Basic steps of Bayesian spam filtering algorithm

Source: Internet
Author: User
1. Basic Steps of Bayesian filtering algorithms

1) collect a large number of spam and non-spam mails, and create a spam set and a non-spam set.
2) extract the independent strings in the subject and body of the email, such as abc32 and ¥234, as the token string, and count the number of times the extracted token string appears, that is, the word frequency. The preceding methods are used to process the spam set and all the emails in the non-spam set.
3) Each mail set corresponds to a hash table, and hashtable_good corresponds to a non-spam mail set while hashtable_bad corresponds to a spam mail set. The table stores the ing between the token string and the word frequency.
4) calculate the probability that a token string appears in each hash table P = (Word Frequency of a token string)/(corresponding to the length of the hash table)
5) Considering Both hashtable_good and hashtable_bad, It is inferred that a token string appears in the new mail, and the new mail is likely to be spam. The mathematical expression is:
A event-the email is spam;
T1, T2 ....... TN indicates the token string
P (A | Ti) indicates the probability that the email will be spam when the token string Ti appears in the email.
Set
P1 (Ti) = (the value of Ti in hashtable_good)
P2 (Ti) = (the value of Ti in hashtable _ bad)
P (A | Ti) = p1 (Ti)/[(p1 (Ti) + p2 (Ti)];
6) create a new hash table hashtable_probability to store the Ti ing between the token string Ti and P (A | TI ).
7) So far, the learning process of spam and non-spam is over. Based on the created hash table hashtable_probability, You can estimate the possibility of a new mail being spam.
When a new email is sent, follow Step 2 to generate a token string. Query hashtable_probability to obtain the key value of the token string.
Assume that N token strings, T1, T2… are obtained from the email ....... In TN and hashtable_probability, the corresponding values are P1, P2 ,...... Pn,
P (A | T1, T2, T3 ...... Tn) indicates that multiple token strings T1, T2... appear simultaneously in the email ....... TN indicates the probability that the email is spam.
Available from the compound probability formula
P (A | T1, T2, T3 ...... Tn) = (P1 * P2 *.... PN)/[P1 * P2 *..... Pn + (1-p1) * (1-p2 )*... (1-Pn)]
When P (A | T1, T2, T3 ...... Tn) when the threshold is exceeded, you can determine that the email is spam.
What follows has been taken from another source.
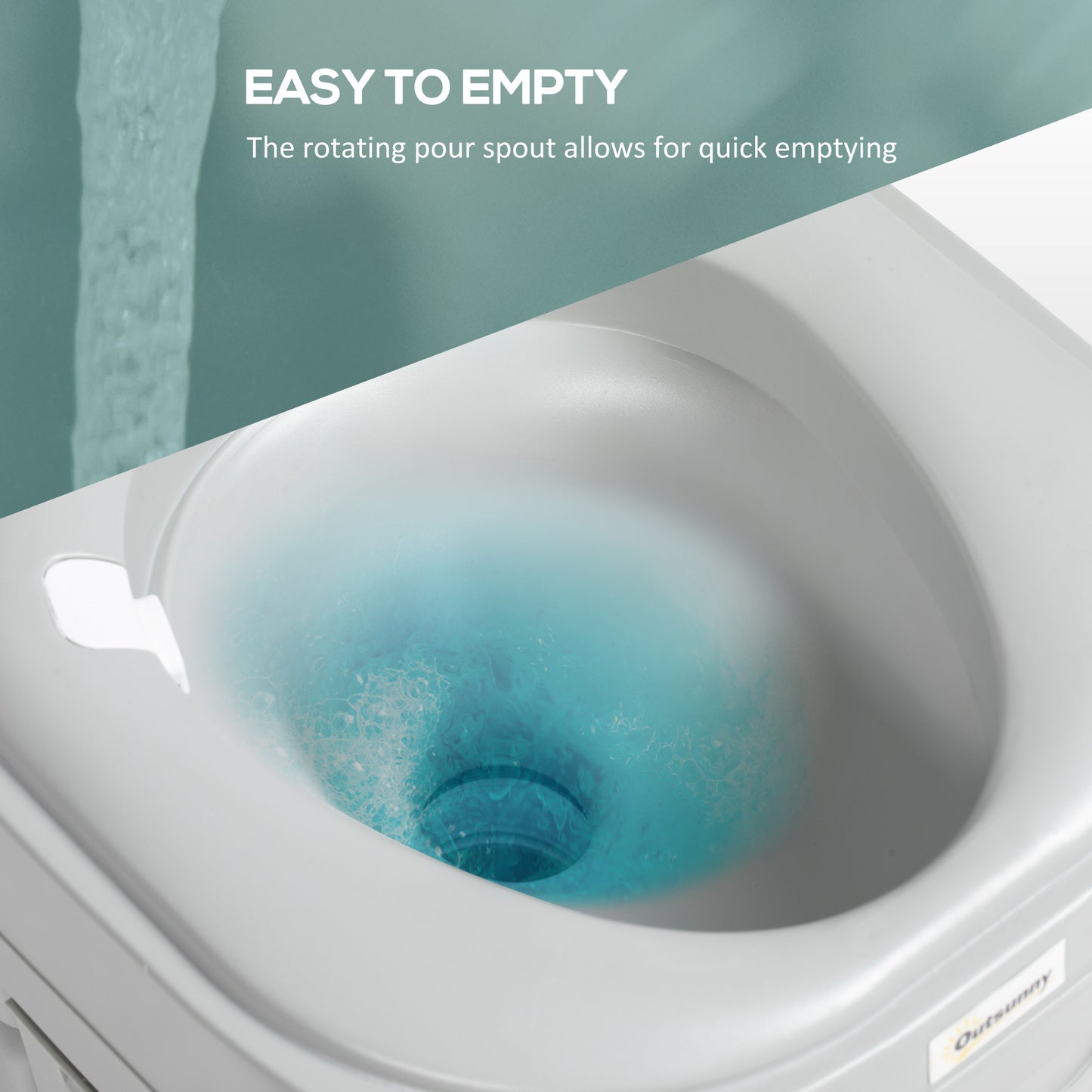 Portable Toilet for Adults, 22L Camping Toilet with Seat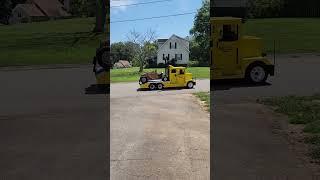 Toy hauler mini semi out waking the neighbors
Ii. Bayesian filtering algorithm example

For example, a spam email containing the words "method wheel"
And a non-spam email containing the words "legal" B
Generate hashtable _ bad according to mail a. The record in the hash table is
Method: 1 time
Round: 1 time
Merit: 1 time
Calculated in this table:
The probability of occurrence is 0. 3
The probability of a wheel appears is 0. 3
The probability of Power occurrence is 0. 3
Generate hashtable_good according to mail B. The record in this hash table is:
Method: 1
Law: 1
Calculated in this table:
The probability of occurrence is 0. 5
The probability of a law is 0. 5
Considering two hash tables, there are a total of four token strings: Law Wheel
When "method" appears in an email, the probability of the email being spam is:
P = 0. 3/(0. 3 + 0. 5) = 0. 375
When "Wheel" appears:
P = 0. 3/(0. 3 + 0) = 1
When "power" is displayed:
P = 0. 3/(0. 3 + 0) = 1
When "law" appears
P = 0/(0 + 0. 5) = 0;
The third hash table: hashtable_probability. Its data is:
Method: 0. 375
Round: 1
Merit: 1
Law: 0

When a new email contains a "Power Law", we can get two token strings, the power law.
Query the hash table hashtable_probability.
P (SPAM | merit) = 1
P (SPAM | Law) = 0
At this time, the mail is likely to be spam:
P = (0*1)/[0*1 + (1-0) * (1-1)] = 0
This mail is not spam.

Contact Us

The content source of this page is from Internet, which doesn't represent Alibaba Cloud's opinion; products and services mentioned on that page don't have any relationship with Alibaba Cloud. If the content of the page makes you feel confusing, please write us an email, we will handle the problem within 5 days after receiving your email.

If you find any instances of plagiarism from the community, please send an email to: info-contact@alibabacloud.com and provide relevant evidence. A staff member will contact you within 5 working days.

A Free Trial That Lets You Build Big!

Start building with 50+ products and up to 12 months usage for Elastic Compute Service

  • Sales Support

    1 on 1 presale consultation

  • After-Sales Support

    24/7 Technical Support 6 Free Tickets per Quarter Faster Response

  • Alibaba Cloud offers highly flexible support services tailored to meet your exact needs.